> _ABOUT THIS TASK_:
Write the data out again exactly, with every picture removed.

> _DATASET EXTRACT_:
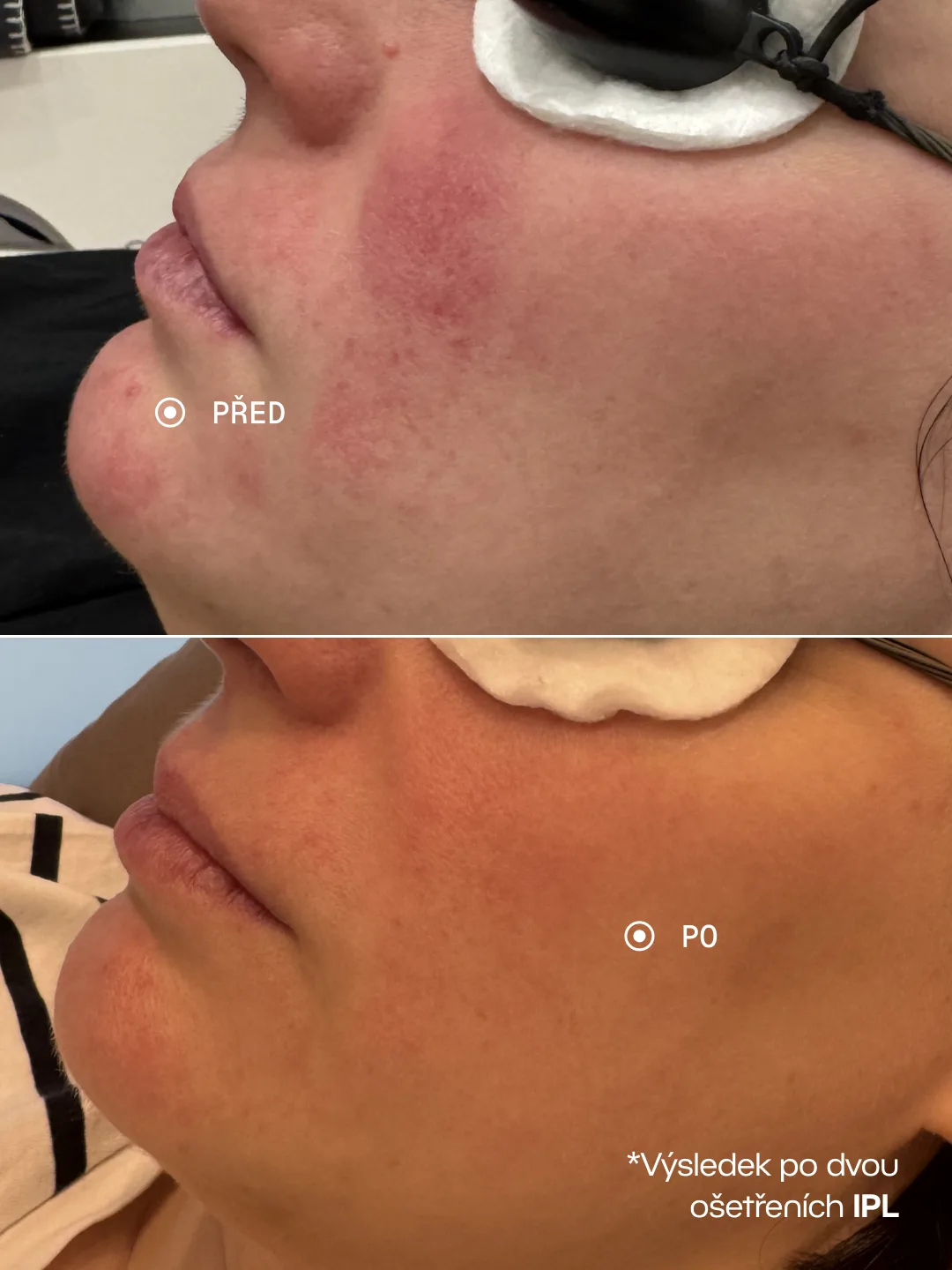 IPL – IPL · 2 ošetření, Zarudnutí a cévky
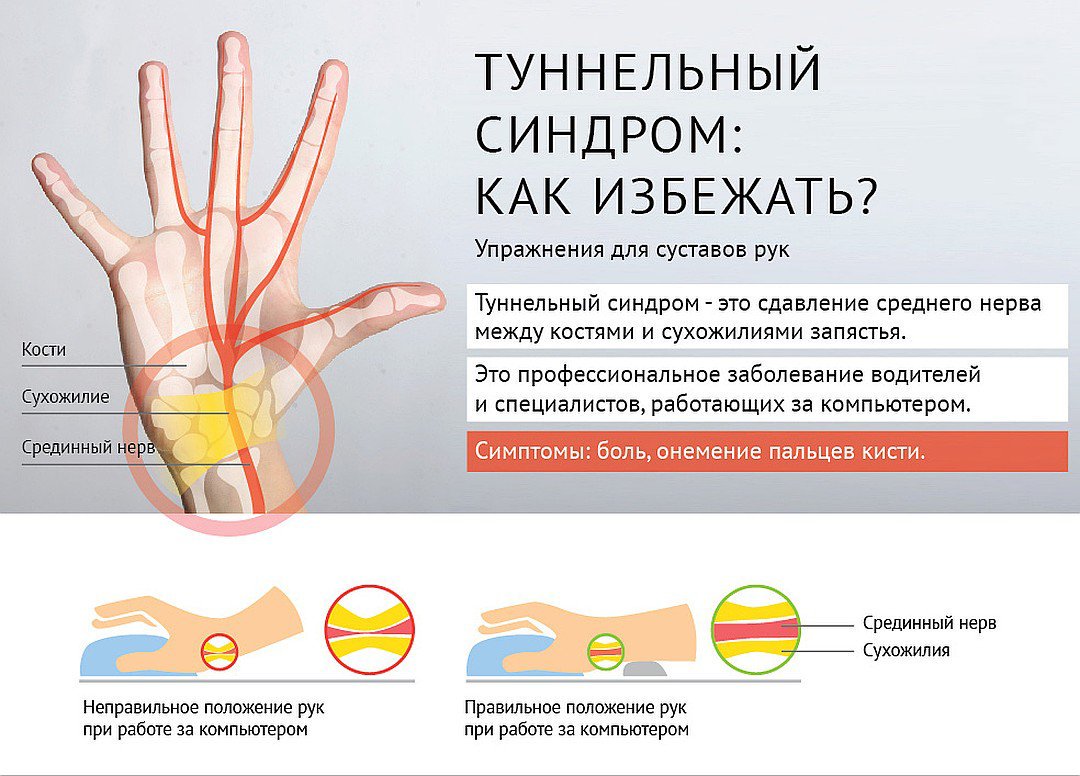 Сильно болят пальцы рук что делать. .Туннельный синдром запястья туннельный. Туннельный синдром лучезапястного сустава. Операция туннельный синдром запястья кисти.
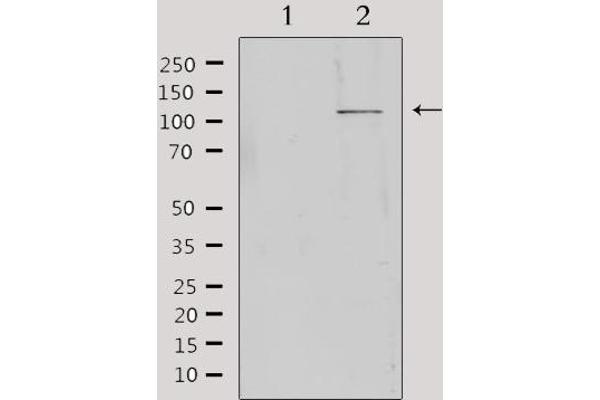 MBTPS1 antibody  (Internal Region)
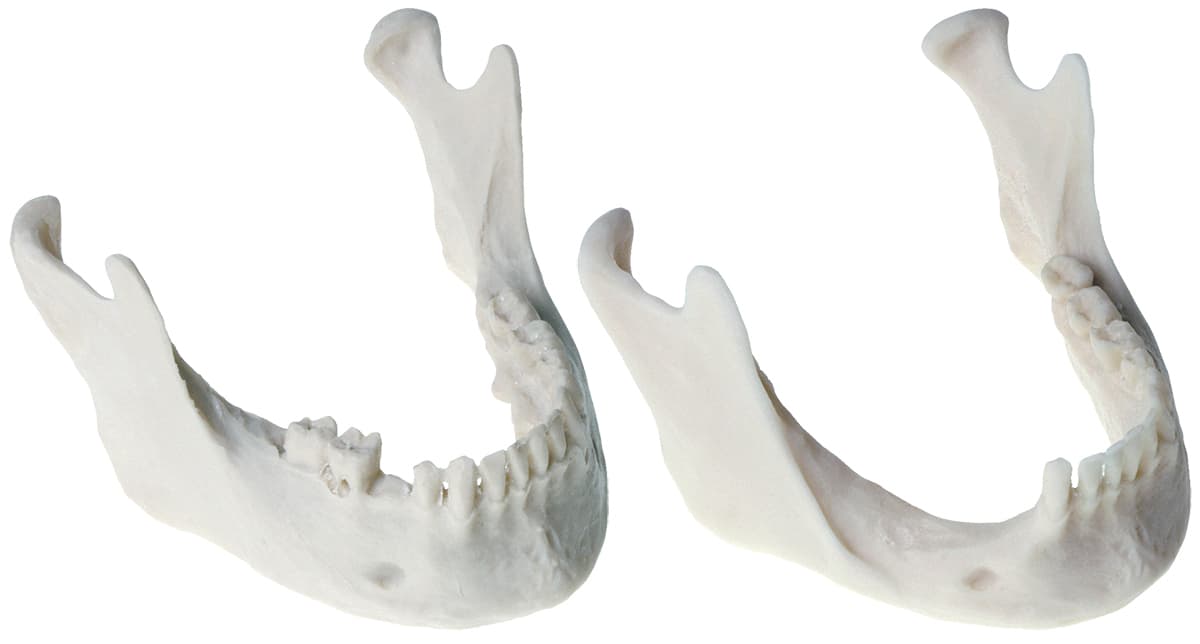Set Of Both Mandible Models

> _REPLY TO THE EXERCISE_:
 IPL – IPL · 2 ošetření, Zarudnutí a cévky
 Сильно болят пальцы рук что делать. .Туннельный синдром запястья туннельный. Туннельный синдром лучезапястного сустава. Операция туннельный синдром запястья кисти.
 MBTPS1 antibody  (Internal Region)
Set Of Both Mandible Models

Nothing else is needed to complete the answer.